De rechtbank is van oordeel dat de hierboven genoemde getuigenverklaringen voldoende concreet en gedetailleerd zijn. Weliswaar heeft geen van de getuigen gezien dat verdachte degene is geweest die geschoten heeft, maar dat maakt niet dat datgene wat zij hebben gehoord en wel gezien hebben als niet betrouwbaar kan worden aangemerkt, te meer niet nu zij verklaren over hun redenen van wetenschap. Hierbij merkt de rechtbank op dat de verklaringen elkaar onderling bevestigen. Op onderdelen worden de verklaringen ook bevestigd door de verklaring van verdachte zelf dat hij in opdracht klussen heeft gedaan en hiervoor geld heeft ontvangen van [getuige 3] . De rechtbank is van oordeel dat de hiervoor genoemde getuigen verklaringen als betrouwbaar kunnen worden aangemerkt en kunnen worden gebruikt voor het bewijs.

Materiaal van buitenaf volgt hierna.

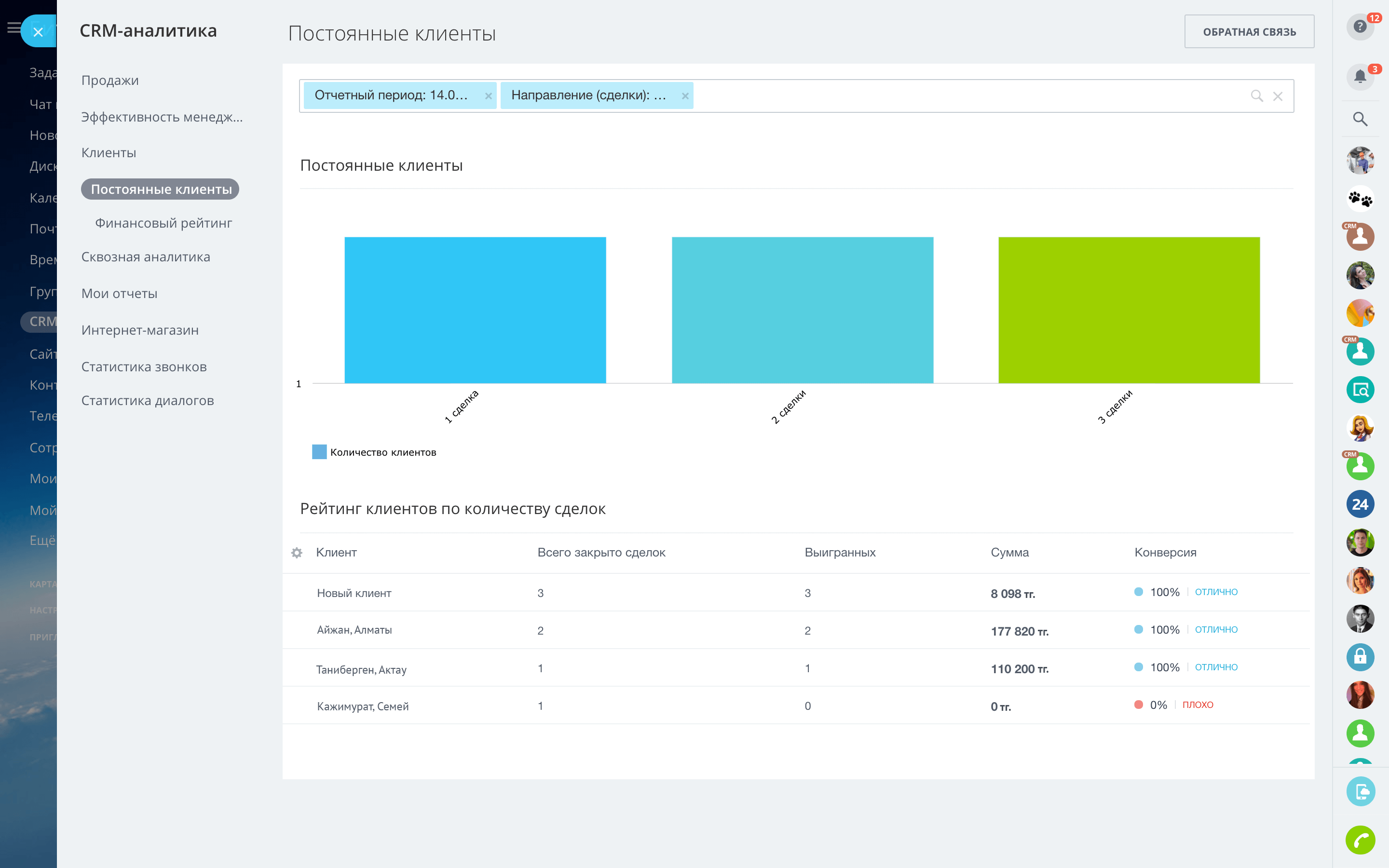Рейтинг клиентов в Битрикс24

4.3.3.2.1.2. Verklaring verdachte: alternatieve scenario’s
Verdachte heeft zowel bij de politie als ter zitting ontkend dat hij de persoon is die heeft geschoten op de panden aan de Benkoelenstraat, Brinkstraat en Populierstraat in Enschede en het pand aan de Rietstraat in Almelo.

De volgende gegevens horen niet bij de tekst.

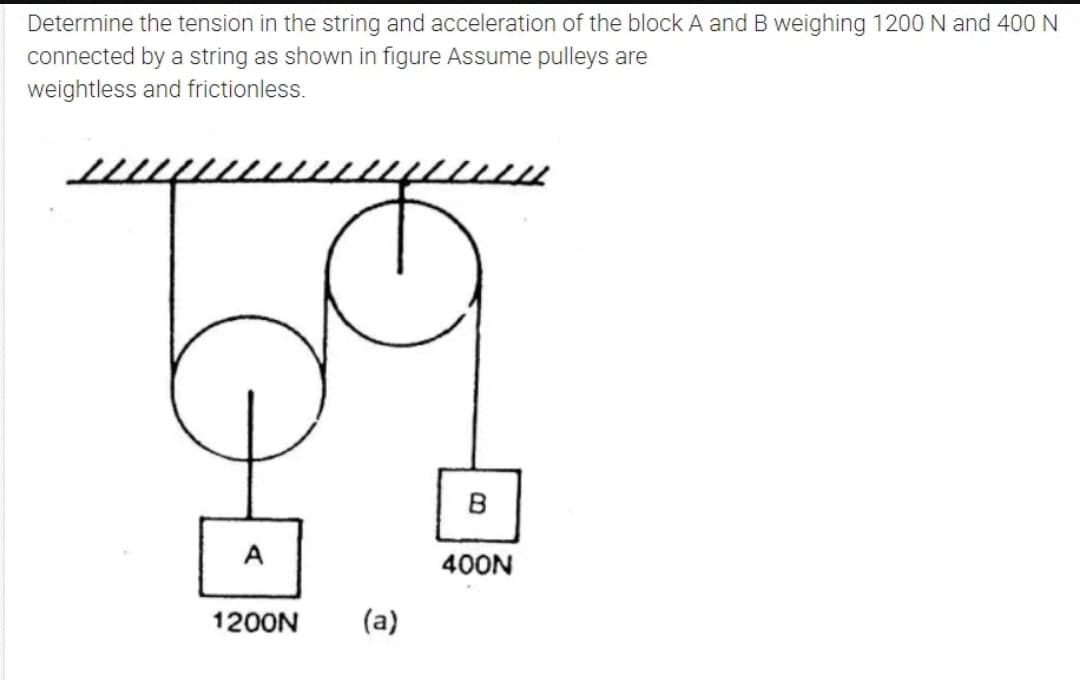 Determine the tension in the string and acceleration of the block A and B weighing 1200 N and 400 N
connected by a string as shown in figure Assume pulleys are
weightless and frictionless.
B
A
400N
1200N
(a)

Ter zitting heeft verdachte verklaard dat hij de zilvergrijze BMW op 18 september 2017 – de dag voorafgaand aan het nachtelijke schietincident – heeft klaargezet bij een flat in Hengelo of Enschede en dat hij zich vervolgens in de nacht naar Apeldoorn heeft laten brengen. Verdachte herkende de BMW als de auto die hij op voornoemde datum had klaargezet aan de speciale velgen, toen hij in het programma Opsporing Verzocht de auto zag op beelden die werden getoond in het kader van de beschieting van een woning.
De rechtbank stelt vast dat uit de verklaring van verdachte niet volgt waar hij in de nacht van 18 op 19 september 2017 is verbleven, nu hij zijn verklaring dat hij na het klaarzetten van de BMW door anderen naar Apeldoorn is gebracht niet nader heeft onderbouwd met concrete en te verifiëren feiten en omstandigheden over waar en bij wie hij die nacht dan is geweest. Dit draagt naar het oordeel van de rechtbank niet bij aan de geloofwaardigheid van zijn verklaring dat hij de auto heeft klaargezet en naar Apeldoorn is gegaan, te meer nu zijn verklaring evenmin enige steun vindt in het dossier. Bovendien sluit de verklaring van verdachte niet uit dat hij betrokken is geweest bij de beschietingen en het daarna in brand steken van de auto om vervolgens na dit alles naar Apeldoorn te worden gebracht. Voor zover de verdachte heeft bedoelen te zeggen dat hij direct nadat hij met de BMW naar Hengelo of Enschede is gegaan is terug gebracht naar Apeldoorn schuift de rechtbank deze verklaring dan ook ter zijde, nu deze in zijn geheel niet wordt ondersteund of onderbouwd met enig bewijsmiddel.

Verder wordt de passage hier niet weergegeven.